Saved entries
==================================================

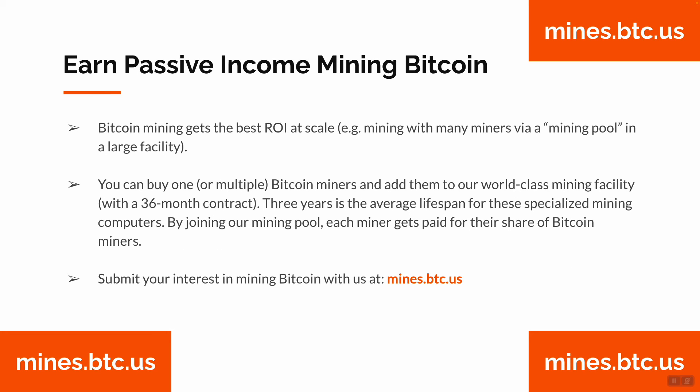Bitcoin mining gets the best ROI at scale — meaning mining with many miners via a mining pool at a large mining facility. You can buy one or multiple Bitcoin miners and add them to our world-class mining facility via a 36-month contract. Three years is the average lifespan for these specialized mining computers, running 24/7, protecting the Bitcoin blockchain, processing transactions, and mining Bitcoin.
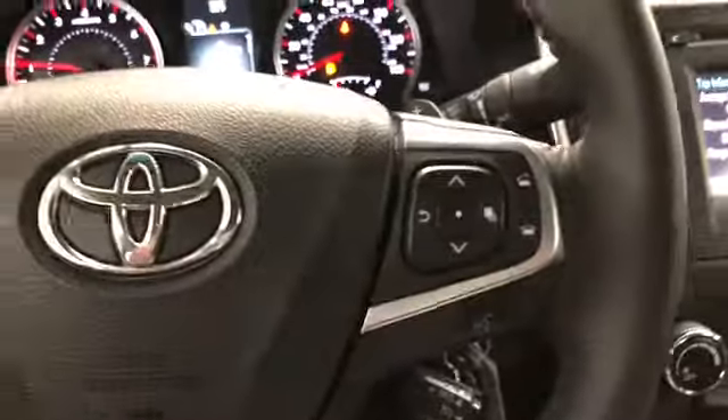Now let's have a look on the inside. You can see the black cloth and leather seats. It's got tilt and telescopic steering. The vehicle has 40,839 miles on it. You've got power windows, locks, and mirrors.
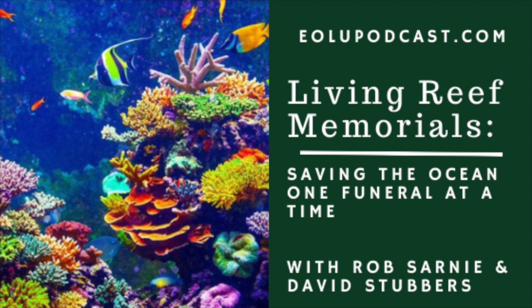For anyone interested in learning more, go to livingreefmemorial.com. It has all the information you need — our deployment locations, the different reefs, the prices — and a video explaining exactly what happens. If you have any questions, you can send us an email through the contact form at the bottom of the site.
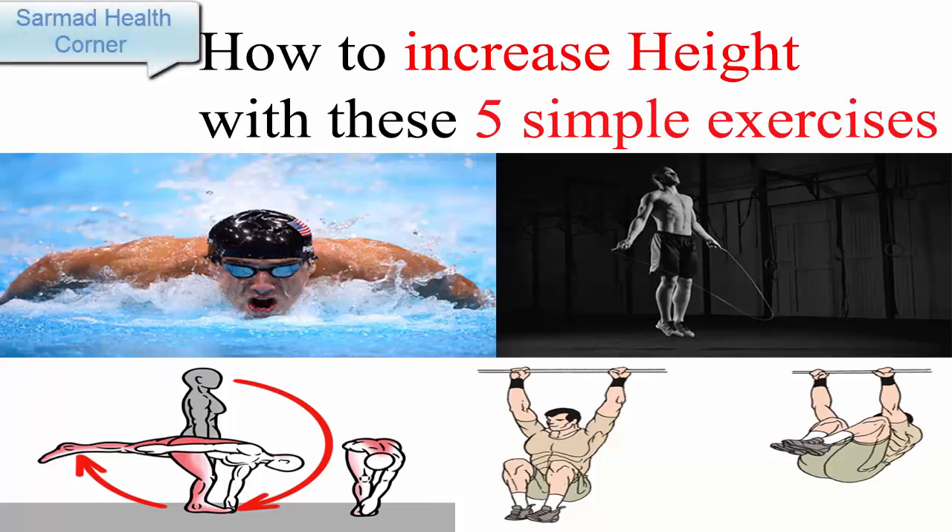How to increase height with these five simple exercises. Exercise is necessary for every human being, and there are special exercises to increase height because everyone wants to look beautiful, smart, and confident. A perfect height makes you feel confident and gives you a perfect personality. There are specific exercises for good height.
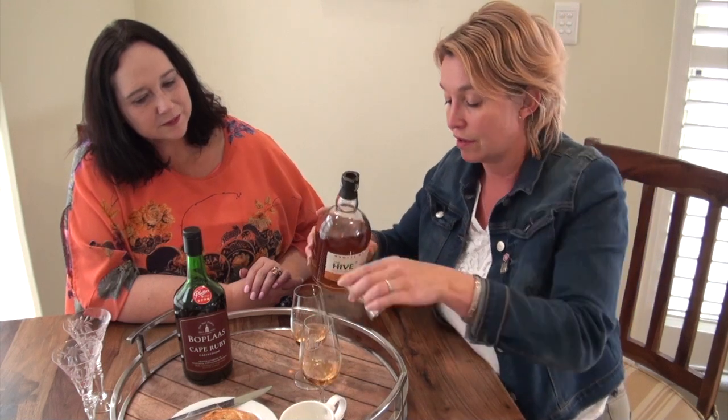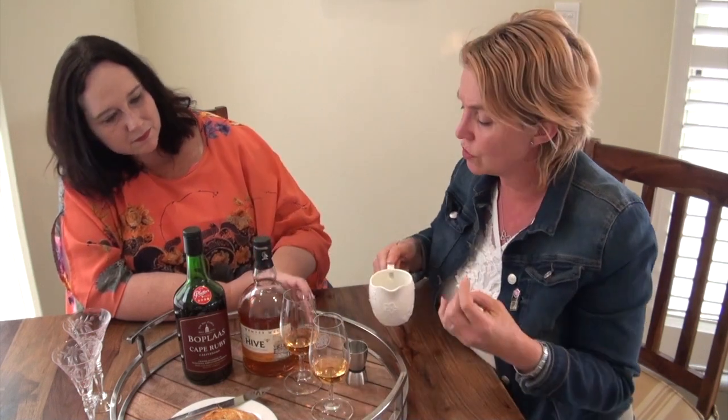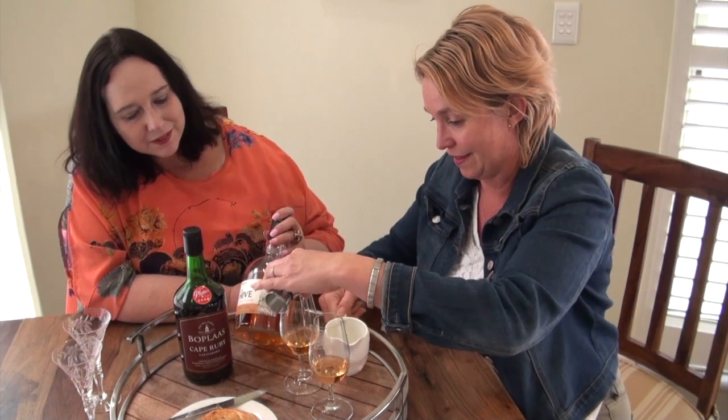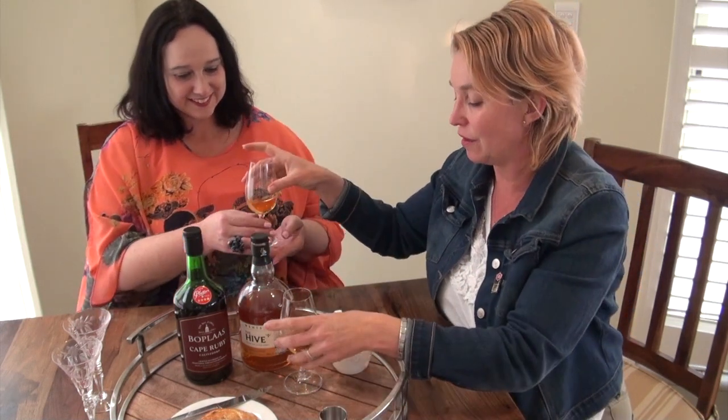Look at that color — it's beautiful, like honey. Honey-colored, that is gorgeous. It's not too expensive. You can find it at most good bottle stores. I think there's also a peaty one and there are three in the range, but this is the one I like. It's got a little bee on the label — very cute.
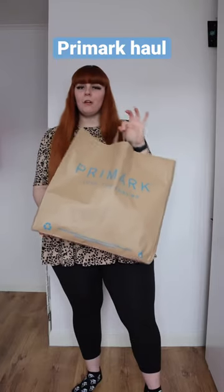I'm back with another Primark haul. This time I've only got a few pieces to show you, but I know some of you guys are going to love what I picked up.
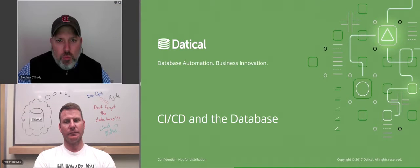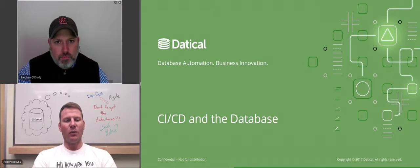Hi there. This is Steven O'Grady from RedMonk. We are here to talk about a subject that is very interesting to me: the database's relationship to CI/CD — Continuous Integration, Continuous Delivery. And to talk about that with me today, I have Robert. Would you like to introduce yourself? Sure. I'm Robert Reeves. I'm the CTO and one of the co-founders of Datical.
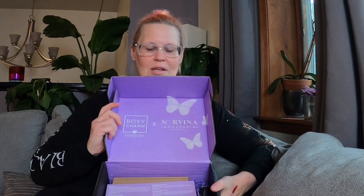Because I filmed this once before, I do know the value of this box is around $150 give or take, for just $25. Boxy — not bad. And now the main event — everybody knows about it, everybody's seen it.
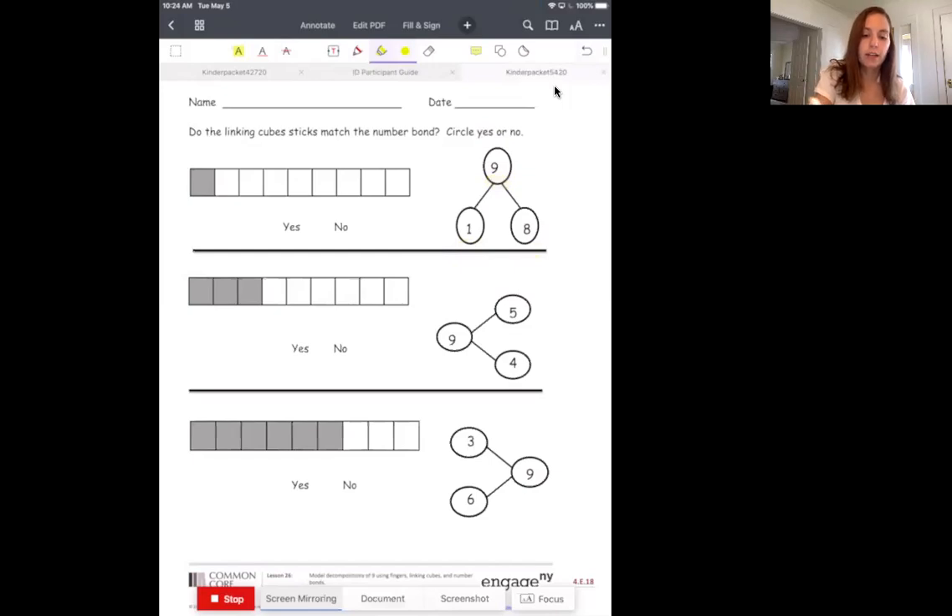So go ahead, take your pencil, and you're going to write your little W next to your whole number, which means the other two numbers are the parts. Now it says, do the linking cubes sticks match the number bond — circle yes or no? Well, we need to see what the whole number is. Look at our whole number. See that 9? So we need to see if we have 9 cubes all together. So we have to count. 1, 2, 3, 4, 5, 6, 7, 8, 9. Good. We have 9 as a whole number, so so far that works.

==================================================

TO DO -> Once you reach the line containing "Look at that", print it and every line after it exactly, through the end of the entries, without any pictures.

FINISHED EXERCISE ->
Look at that color — it's beautiful, like honey. Honey-colored, that is gorgeous. It's not too expensive. You can find it at most good bottle stores. I think there's also a peaty one and there are three in the range, but this is the one I like. It's got a little bee on the label — very cute.
I'm back with another Primark haul. This time I've only got a few pieces to show you, but I know some of you guys are going to love what I picked up.
Hi there. This is Steven O'Grady from RedMonk. We are here to talk about a subject that is very interesting to me: the database's relationship to CI/CD — Continuous Integration, Continuous Delivery. And to talk about that with me today, I have Robert. Would you like to introduce yourself? Sure. I'm Robert Reeves. I'm the CTO and one of the co-founders of Datical.
Because I filmed this once before, I do know the value of this box is around $150 give or take, for just $25. Boxy — not bad. And now the main event — everybody knows about it, everybody's seen it.
So go ahead, take your pencil, and you're going to write your little W next to your whole number, which means the other two numbers are the parts. Now it says, do the linking cubes sticks match the number bond — circle yes or no? Well, we need to see what the whole number is. Look at our whole number. See that 9? So we need to see if we have 9 cubes all together. So we have to count. 1, 2, 3, 4, 5, 6, 7, 8, 9. Good. We have 9 as a whole number, so so far that works.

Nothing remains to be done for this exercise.